Hollydesk, an Egyptian expense management platform, has secured $1 million in venture debt investment to scale its venture in Egypt, helping small and medium-sized businesses (SMBs) manage their daily spending.
In a statement released on Thursday, Hollydesk CEO Mahmoud Moussa confirmed the funding, expressing excitement about the possibilities it presents for the team.
“Our mission is to help small and medium-sized businesses focus on what they do best by streamlining their expense management processes.
“With this new funding, we can expand our reach and help even more companies across Egypt,” said Moussa.
What you should know
Holly desk, founded in 2020, offers a suite of tools that help businesses keep track of and manage their expenses, automate approval processes, and provide reports to examine spending trends.
Today, the Egyptian startup has already helped hundreds of companies save time, reduce fraud, and manage their expenses.

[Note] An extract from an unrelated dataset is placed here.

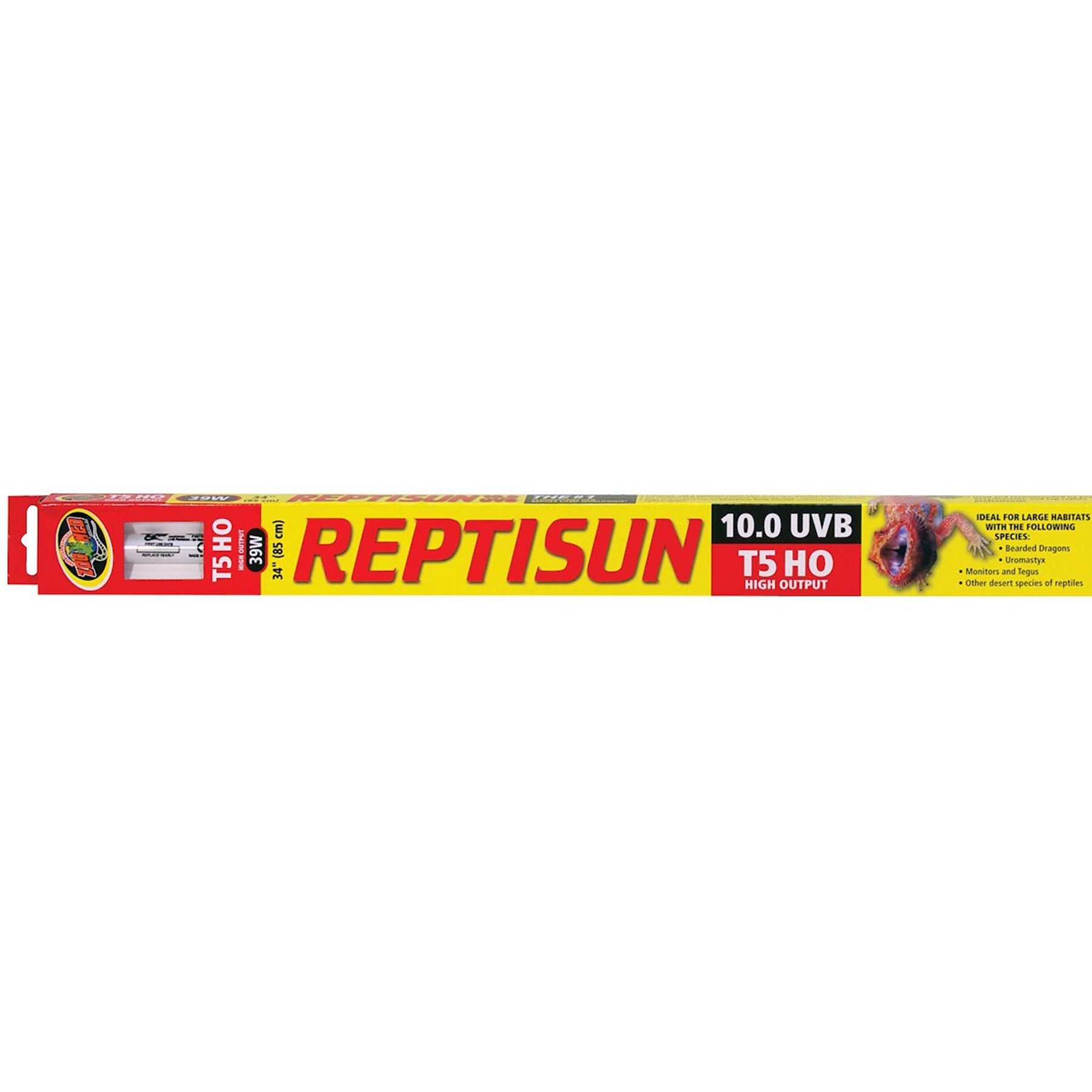 Zoo Med ReptiSun 10.0 T5-HO UVB Fluorescent Reptile Lamp, 39w, 34-in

According to the CEO, the new funding will be used to expand Hollydesk’s offerings and reach more companies looking for efficient expense management solutions.
Why it matters
The $1 million investment testifies to the growing importance of expense management for small and medium-sized businesses, as well as the Mahmoud Moussa-led startup’s ability to provide innovative solutions to meet this need.
Understanding Venture Debt Investment
This is another way young companies and startups borrow money. The money can be from banks or other lenders who specialize in lending money to startups such as VCs.
How Venture Debts Work
Unlike traditional loans, venture debt is a special financial instrument because it doesn’t always require a company to put up something valuable as collateral, like a car or a house.
However, the amount of money a startup can borrow with venture debt depends on how much money they’ve already raised from investors.
Any startup that closes a Venture Debt usually have to pay back the loan within a few years, and they’ll have to pay interest on the loan.
One of the good sides of venture debt is that it can be a helpful way for startups to get extra cash to grow their business, idea or product.